One narrative the Tories are keen to push is the notion that Ed Miliband “stabbed his brother in the back” to become leader of the Labour Party. I’ve heard some ridiculous things in my time, but this claim that Ed “stabbed his brother in the back” is rubbish. Did David Cameron stab David Davis in the back to become leader of the Conservative Party, or does this rule only apply when two brothers contest a party’s leadership?
If I were to play my brother at chess and I win the game, have I “stabbed my brother in the back”? No, I beat him fair and square. This narrative that Ed Miliband used nefarious means to become leader appears to have been drawn from either a notional understanding of classical Greek tragedy or the Cain and Abel story, yet the idea itself is worthy of a bad Whitehall farce scripted by Lynton Crosby.

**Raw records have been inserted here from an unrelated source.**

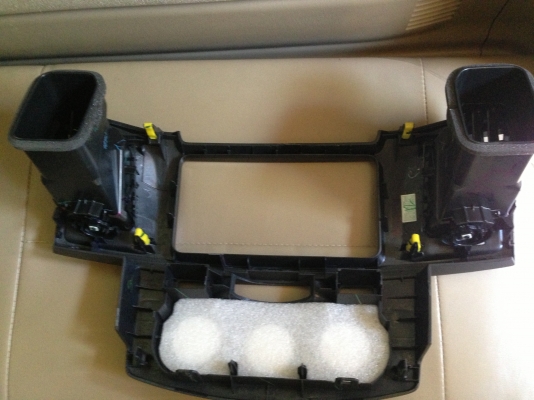 ขายหน้ากากวิทยุ. Toyota Vigo champ Smart Cab  3 ชิ้น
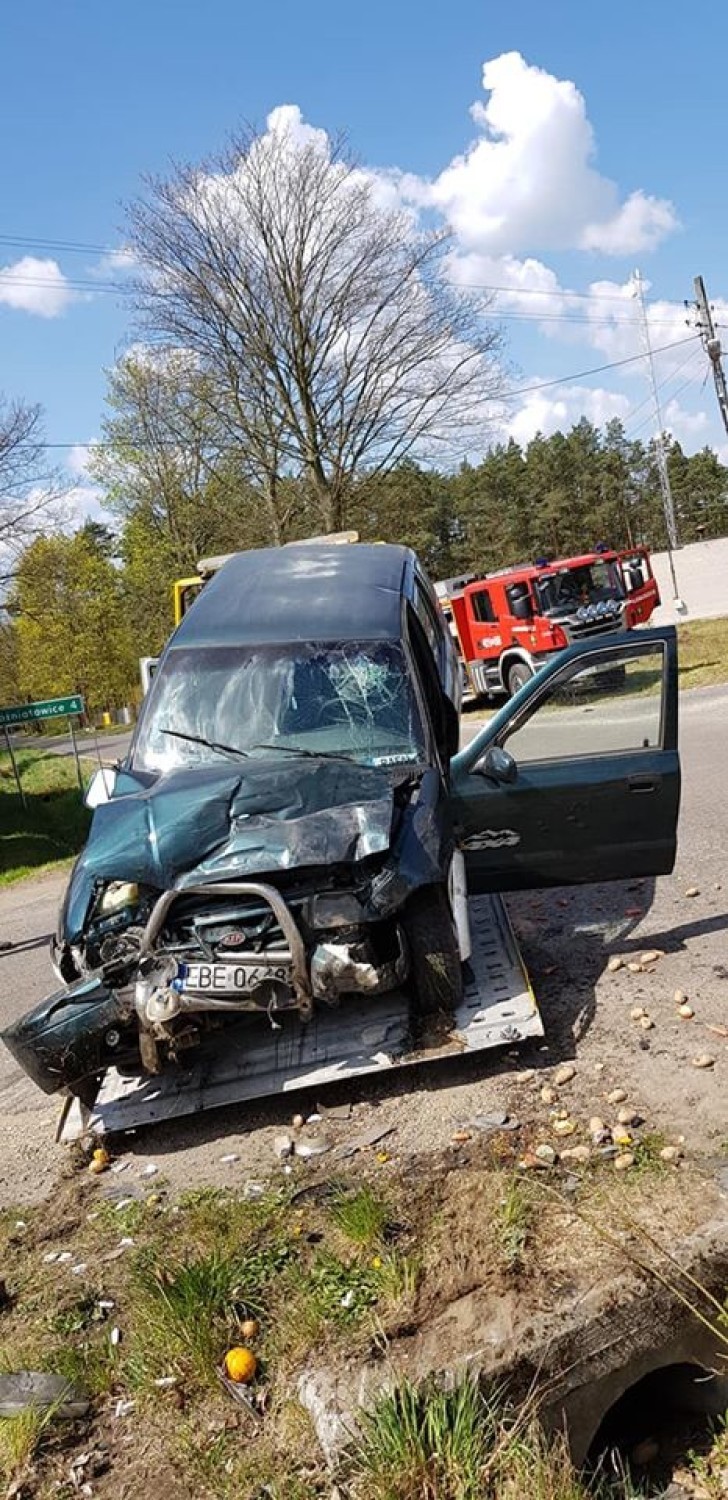 Wypadek na skrzyżowaniu. Trzy osoby trafiły do szpitala w Bełchatowie ZDJĘCIA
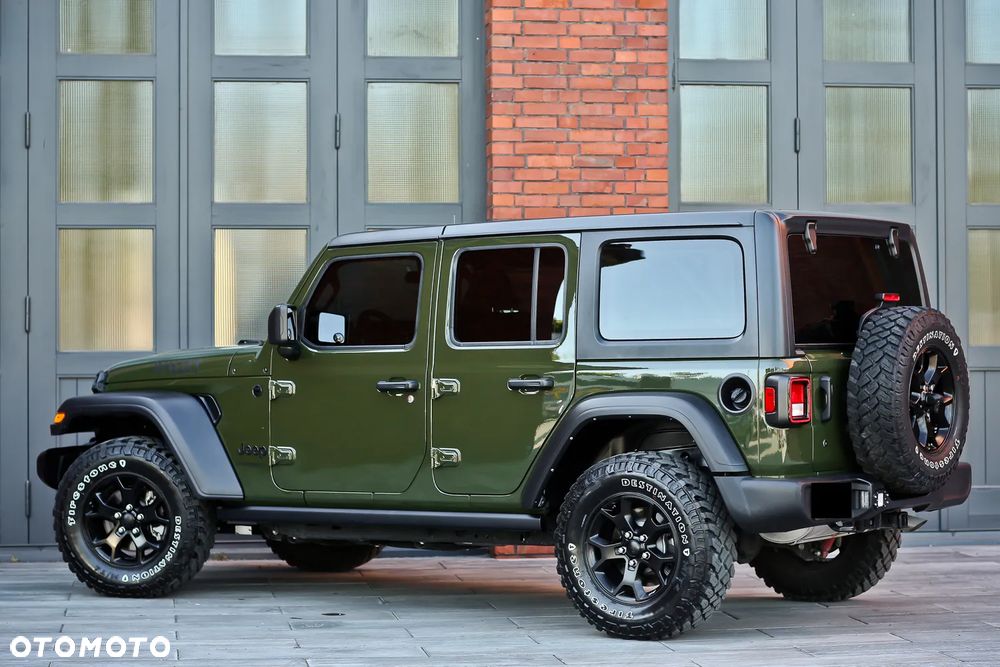 Jeep Wrangler - 9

Today, Michael Fallon resurrected this notion in his attack on the Labour leader. Fallon claimed Miliband would “barter away” Trident to get into Downing Street because he “stabbed his brother in the back”. Talk about lazy thinking. I’ll return to Trident in a moment. Yet, even Fallon’s fellow Tories have criticized him for personalizing the election discourse.
Fallon, the MP for Sevenoaks, read Classics and History at St Andrew’s University, which would explain the appeal of this sub-Classical narrative. While he was Deputy Chairman of the Treasury Select Committee, Fallon claimed mortgage repayments on his Westminster flat in their entirety. This was against Parliamentary rules.

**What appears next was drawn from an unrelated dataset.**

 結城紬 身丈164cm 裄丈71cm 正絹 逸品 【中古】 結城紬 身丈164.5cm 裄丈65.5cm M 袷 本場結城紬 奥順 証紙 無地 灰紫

Jon Swaine writing in the Telegraph in 2009 wrote:
Between 2002 and 2004, Mr Fallon regularly claimed £1,255 per month in capital repayments and interest, rather than the £700-£800 for the interest component alone. After his error was noticed by staff in the Commons fees office in September 2004, he said: “Why has no one brought this to my attention before?”
There’s more:
He began making the excessive claims after buying the Westminster flat for £243,000 in June 2002 and designating it as his second home.
Various other household expenses he claimed for after September 2004 included a £250 per month cleaning bill, which Mr Fallon reduced from £300 after being asked for a receipt.

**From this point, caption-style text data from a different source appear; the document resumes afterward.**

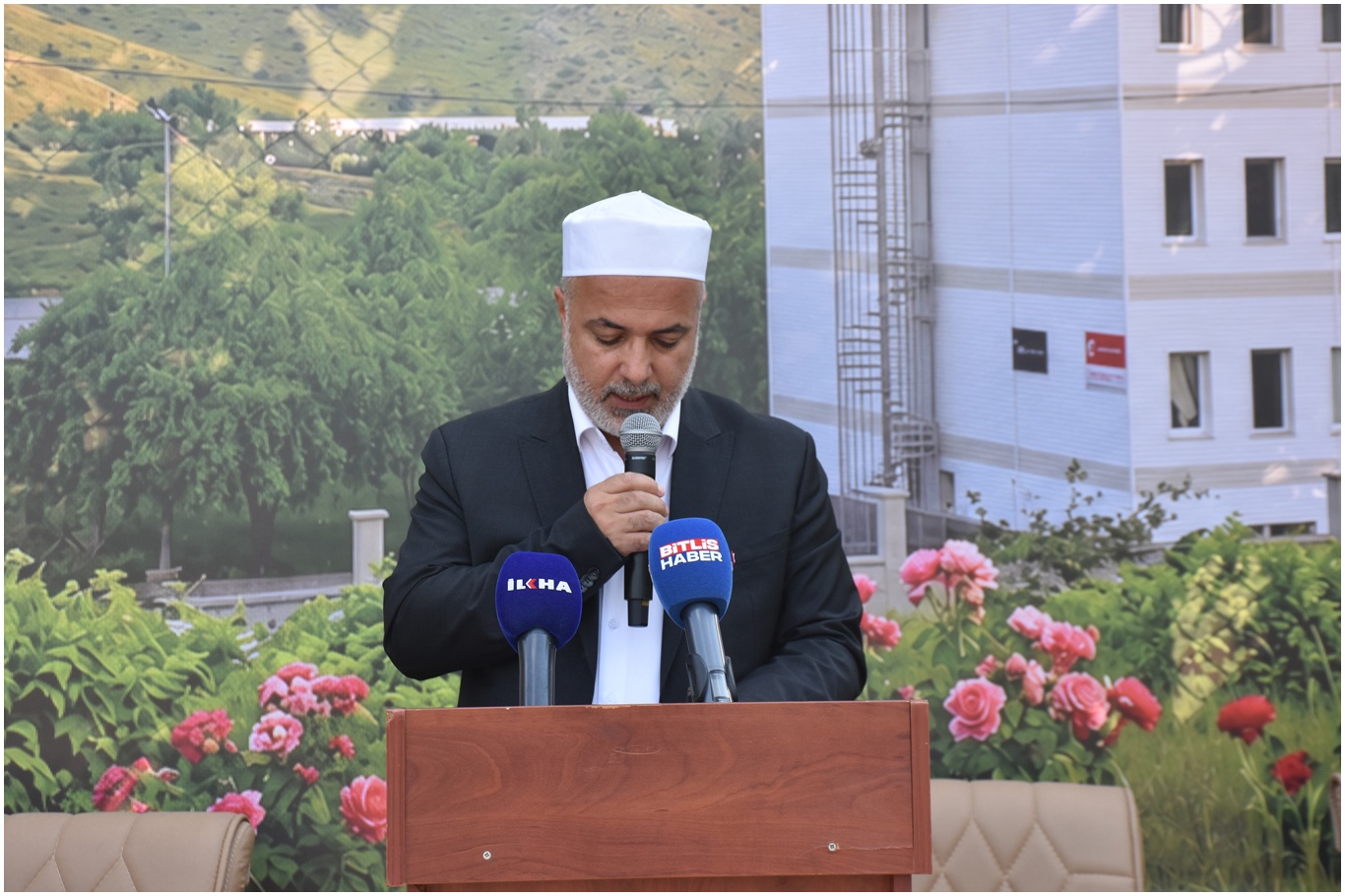 Bitlis’te ilimlerini tamamlayan  54 alim ve hafıza icazet verildi
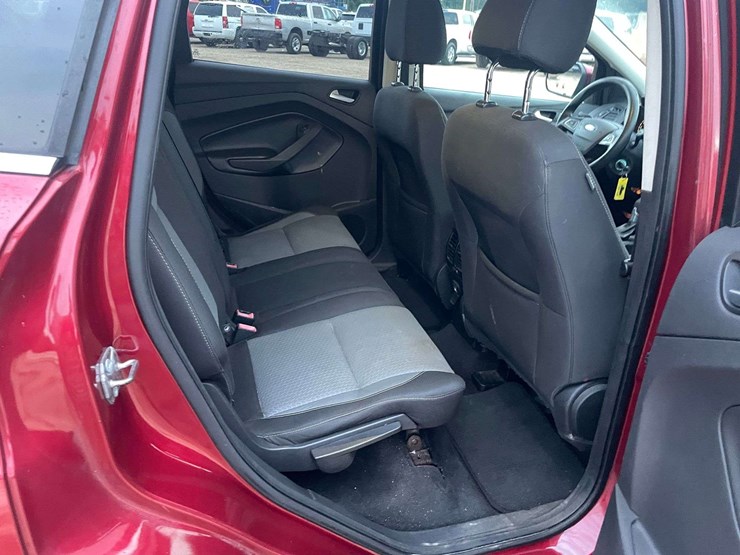 2017-ford-escape-se-image-16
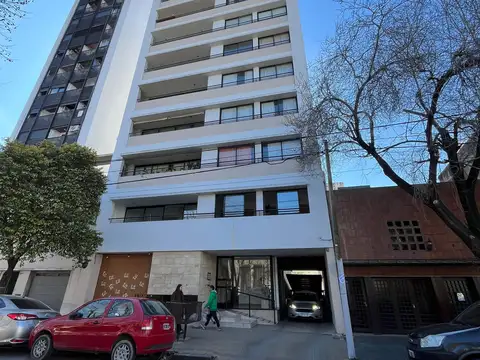 Departamento en venta con cochera y terraza privada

In addition to his expenses claims, Fallon is also
…paid as a director of three companies. His salary from one, a money broker, is reportedly £45,000. He also pays his wife from his taxpayer-funded office expenses to work as his secretary.
The main issue with Trident is that it is expensive and that it isn’t actually owned by Britain. The Campaign for Nuclear Disarmament states that “it is technically and politically dependent on the United States”. Richard Norton-Taylor writing in The Guardian in 2009 states that it would cost the country £130 billion to renew. That figure increased to £350 billion by 2012. The Tories are fond of telling us how the country can’t afford the NHS or other public services, yet they would be prepared to fork out billions of pounds on something that will never be used. The real beneficiaries of the renewal of Trident are weapon’s manufacturers and the Tories who have a financial stake in its renewal.
The idea that this country needs a nuclear weapon to guarantee its national security is an over-dramatization. I’ve just heard Fallon making a speech in which he claims that the world is a “dangerous place”. Well, excuse me, but it’s always been dangerous. Possessing weapons of mass destruction won’t make it safer.